His killer was never caught and the message soon brings a pair of Irish detectives to the school. The tough, unpopular female cop Antoinette Conway failed to crack the case a year earlier. She forms a new partnership with Stephen Moran, who’s been stuck in cold cases but gets his chance after the daughter of a colleague hands him the vital new evidence. There’s plenty at stake for the Dublin detectives, who realise their superiors will soon take over unless they can solve the case quickly.
Moran narrates the present-day investigation in the school, which takes place over the course of a single day, while alternate chapters feature a tight-knit group of teenagers in the months building up to the murder. It’s a technique that creates a slow-burning suspense.
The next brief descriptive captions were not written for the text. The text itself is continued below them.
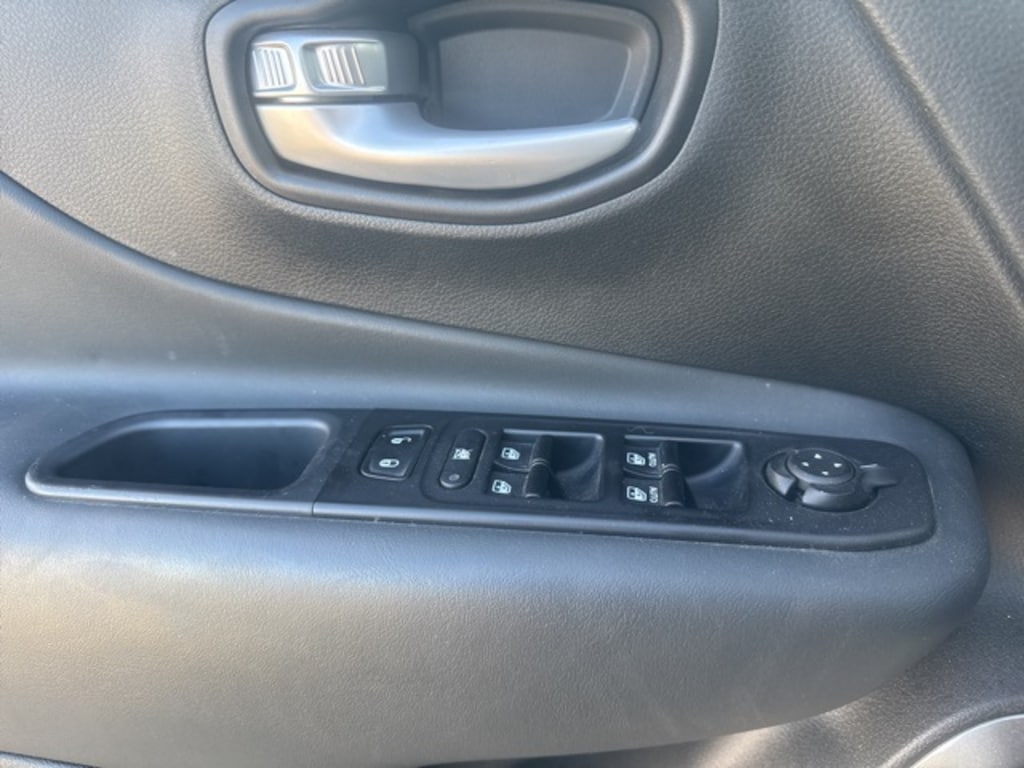 Used 2023 Jeep Renegade Latitude SUV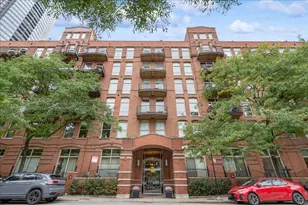 550 N Kingsbury St, Chicago, IL 60654 - Photo 1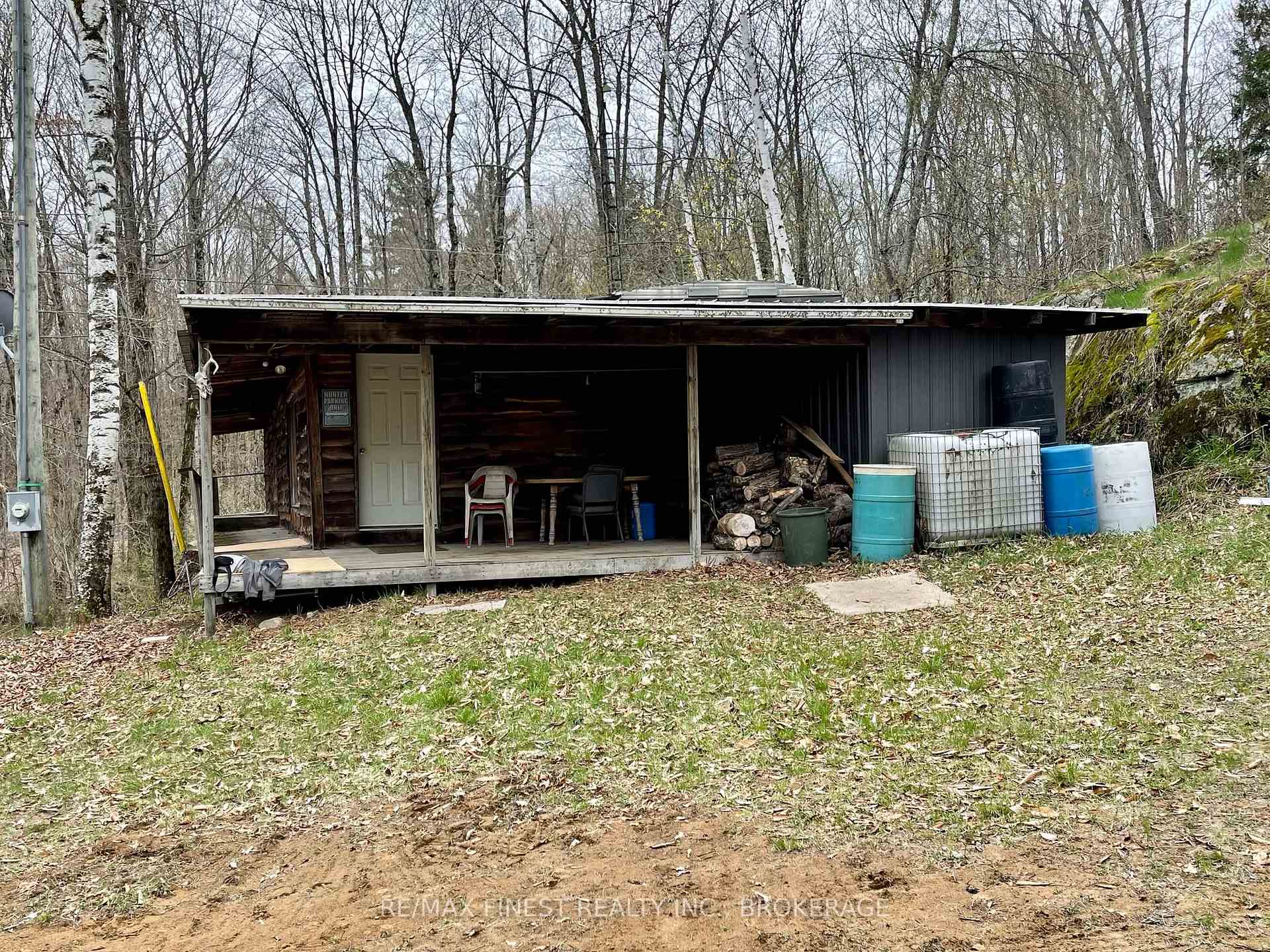 Front of 2223 Henderson Road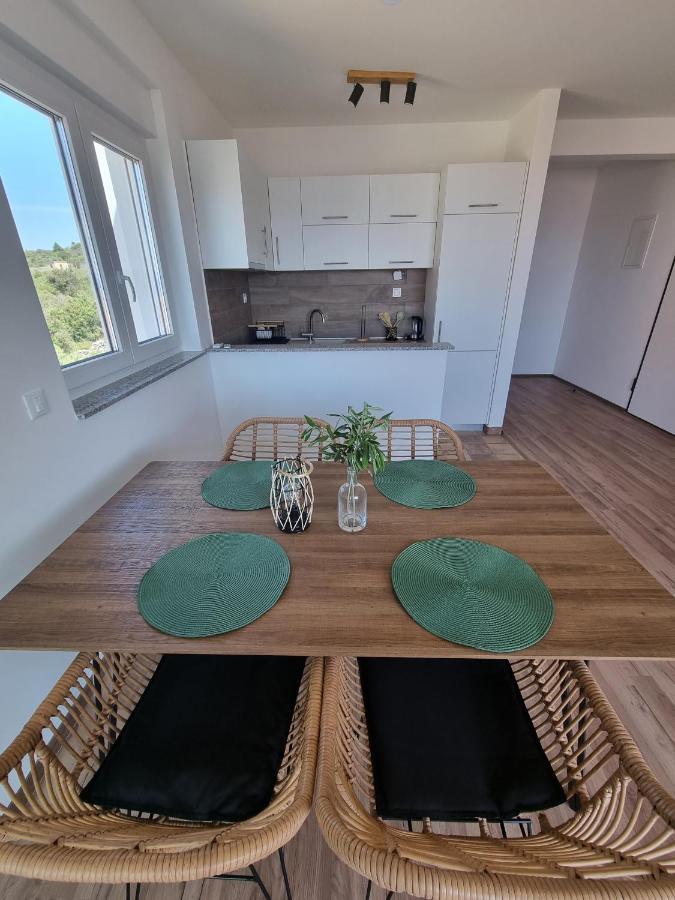 Sea View Apartment Rogoznica  Bagian luar foto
French counts us down to the killing during the girls’ chapters set in the past, while various clues and teenage enmities emerge one year after the murder as the detectives dig deeper. “If I’ve learned one thing today, it’s that teenage girls make Moriarty look like a babe in the woods,” Moran tells his colleague.
The Secret Place has elements of the traditional mystery: a single crime in a confined community, a cast of suspects and the outsider, working-class detectives entering a rarefied world. However, French’s novel is far more than the basic whodunnit the plot might suggest. She makes you care why it happened by capturing the unique intensity of shared experience and hidden codes between teenage girls (Megan Abbott’s excellent novel The Fever recently pulled off the same trick). During expulsion-risking moonlit escapades in the school grounds, the four girls at the heart of this story bond over their united stand against the expectations of typical teenage life. It’s a decision that makes them enemies, including St Kilda’s queen bee Joanne Heffernan.
In Books to Die For, French named Donna Tartt’s literary mystery The Secret History as the book that’s most influenced her crime career. The students in The Secret Place are younger and not the classical scholars of Tartt’s novel, but it’s the same idea. An idyllic setting (“madrigals and balustrades” as Moran describes it) and a cloistered group so absorbed in their own existence that the real world gets edged out.
The power of these schoolgirl emotions even results in instances of ghosts and telekinesis at St Kilda’s. “The energy,” says an awed Moran as he reads through the life-and-death text messages involved in the case. The Secret Place makes teenage life – and death – compelling and French has staked her claim to genre greatness with this ambitious novel.